_Material provided_:
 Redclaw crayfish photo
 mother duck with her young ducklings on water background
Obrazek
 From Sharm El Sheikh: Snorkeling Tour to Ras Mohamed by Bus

---

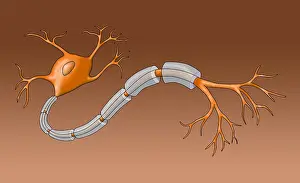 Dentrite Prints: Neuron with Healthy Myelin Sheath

...

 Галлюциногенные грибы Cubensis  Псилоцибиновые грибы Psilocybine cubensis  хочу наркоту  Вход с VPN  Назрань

_Your objective_:
Look through the entries above and quote exactly the lines from the line with "Redclaw crayfish photo" to the line with "From Sharm El", counting both of those lines.

_Task result_:
 Redclaw crayfish photo
 mother duck with her young ducklings on water background
Obrazek
 From Sharm El Sheikh: Snorkeling Tour to Ras Mohamed by Bus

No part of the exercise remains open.